My mom used to make these on Sunday mornings sometimes.  When I finally did the same, my kids were super pumped and begging for more!
Adapted from Sonja Huber's recipe in my Grandma Betty's church cookbook.
Makes about 15 small/regular or 6 large/jumbo.

2 eggs
1/2 teaspoon salt
1 cup flour
1 tablespoon melted butter
1 cup milk

Preheat the oven to 375F.  Grease a muffin tin well and preheat the tin in the oven for at least five minutes.

Mix all ingredients together using an electric mixer on high until smooth.  Fill your hot muffin tins half full.  Bake 40 minutes for small popovers and 45 minutes for large.  Remove from the oven and slash the side/center of each popover with a sharp knife to allow steam to escape.  Return to the oven and bake small popovers 10 minutes more and large popovers 15 minutes more.

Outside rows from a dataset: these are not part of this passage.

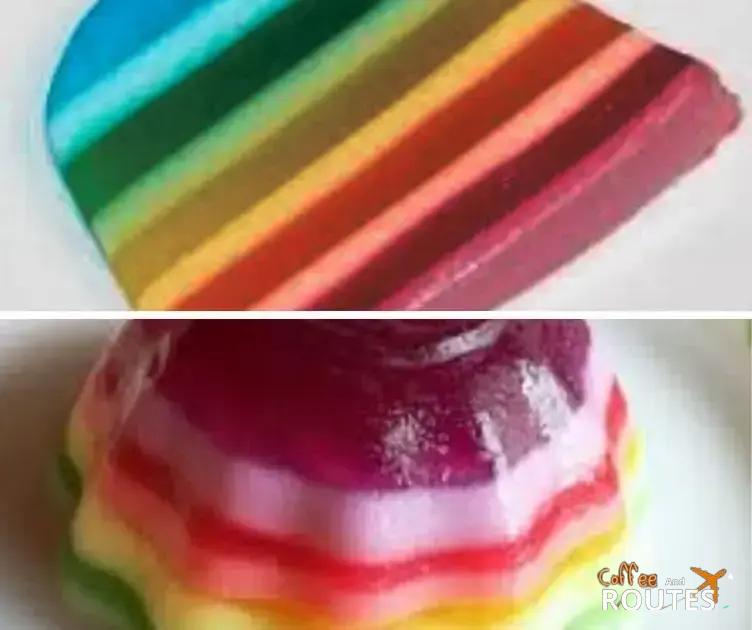 Gelatina colorida em camadas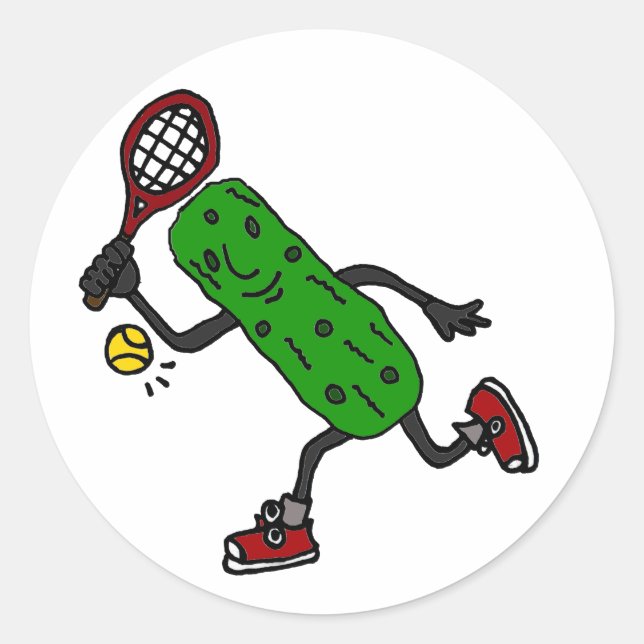 Sticker Rond Drôle Pickle Jouer Art Tennis (Devant)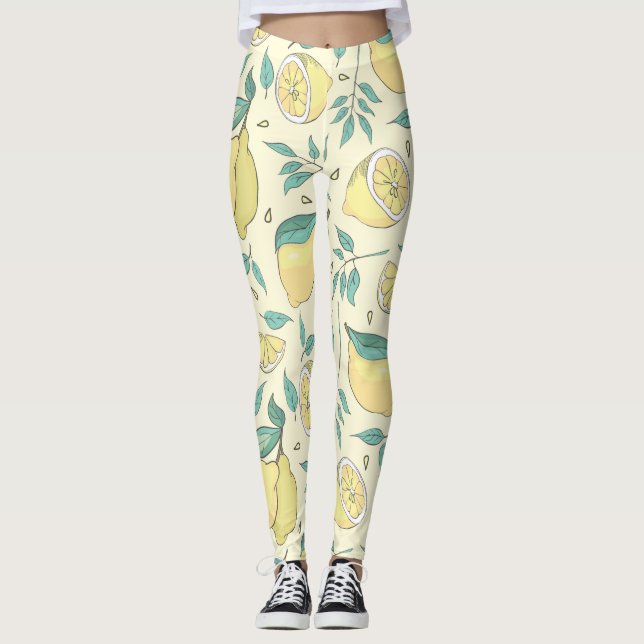 Moderne Zitronenfrüchte Sommergelb Personalisiert Leggings (Vorderseite)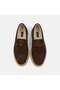 Men's Brown Straw Detail Suede Leather Loafers - 6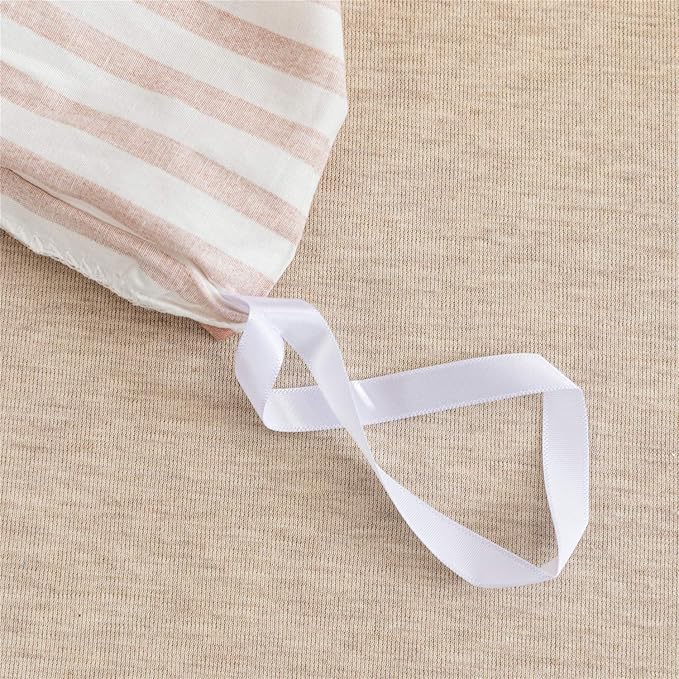 JELLYMONI 100% Natural Cotton 3pcs Striped Duvet Cover Sets,White Duvet Cover with Pink Stripes Pattern Printed Comforter Cover,with Zipper Closure & Corner Ties(Full Size)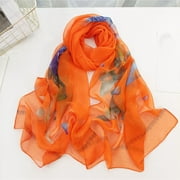 HuangHuanChen Scarfs For Women Lightweight Print Floral Pattern Scarf Shawl Fashion Scarves Sun Protection Shawls Wraps Orange
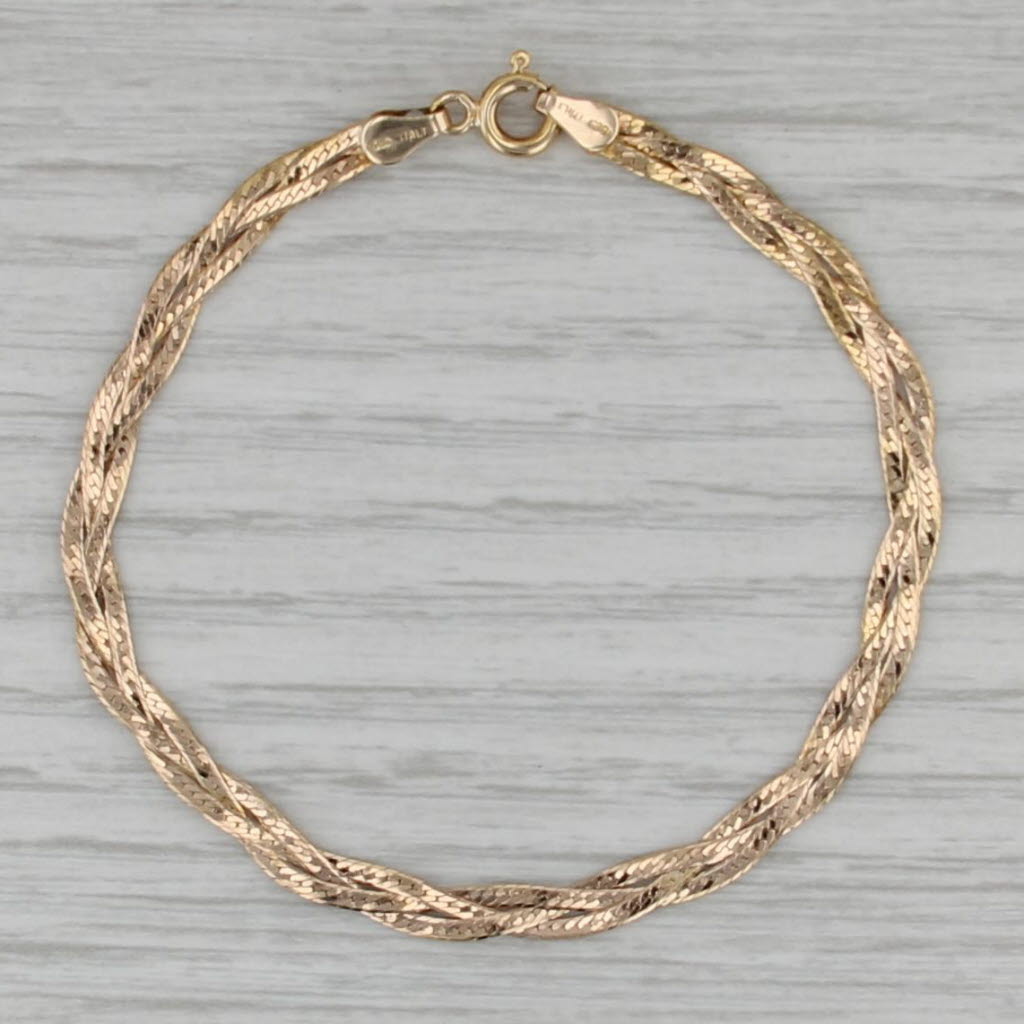 6.75" Woven Herringbone Chain Bracelet 14k Yellow Gold 3.7mm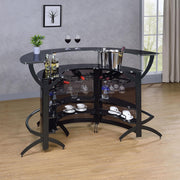 Dallas 3-piece Curved Freestanding Home Bar Cabinet Black - 182135-S3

Serve immediately and enjoy!

Sunday, June 15, 2014

Beef Sashimi Salad

I'm fairly certain that ninety percent of people from the US will be grossed out by this salad because, yes, it's made with raw beef.  Specifically, tenderloin (and there is no better word to describe it than "tender") that's seared for a mere 15 seconds on each side then chilled until it's firm enough to slice wafer thin.  

I modified this recipe from one in the Wagamama Restaurant's cookbook.  If you're open to it and looking for a meal that will make you feel like a million bucks, try this!  I loved it better than anything I've ever eaten in a sushi restaurant, and while tenderloin is pricey, the meal cost me about $20 to make.  Compared to the bill at a good sushi restaurant?  Definitely worth the minimal effort it took to make this myself!

The beef is incredibly tender and creamy (similar in texture to tuna sashimi), the flavors are striking yet simple and a portion of salad is quite filling though you can also eat a ton of it, which you may want to do...Especially if you take the time to make the dipping sauce!  Sorry I didn't think to photograph the sauce.  It's brown, thin, punchy, spicy and slightly sweet.  Delicious!

  Beef Sashimi Salad
Adapted from the amazing Wagamama Cookbook.
Serves 2 to 3.

6 ounce beef tenderloin
one quarter head of savoy cabbage
half an english cucumber
4 small sweet peppers
half a red onion
3 green onions
half a seeded diced green or red chili pepper
handful fresh chopped cilantro
2 inch piece of peeled ginger cut into matchsticks
Lime wedge

Sear beef in a hot non-stick skillet for 15 seconds on each side.  Run under ice cold water until cool.  Wrap in plastic wrap and chill in the freezer for about one hour.  Slice all vegetables thinly, toss everything but the beef, lime and salt together and place in a large shallow bowl (or a pie plate).  Set this in the fridge to stay cold.

Slice beef thinly once it has firmed up in the freezer. Spread sliced beef over the vegetables.  Squeeze lime over all and give it a pinch of course salt.  Eat with chopsticks.

If desired, dip your bites of salad into a mix of 1/4 cup tamari sauce, 1/4 cup malt vinegar, 1/2 tablespoon sugar, one teaspoon sesame oil, half a sliced thai chili and one small clove minced fresh garlic all of which has been heated just until the sugar dissolves.  If using the sauce, omit the lime and salt.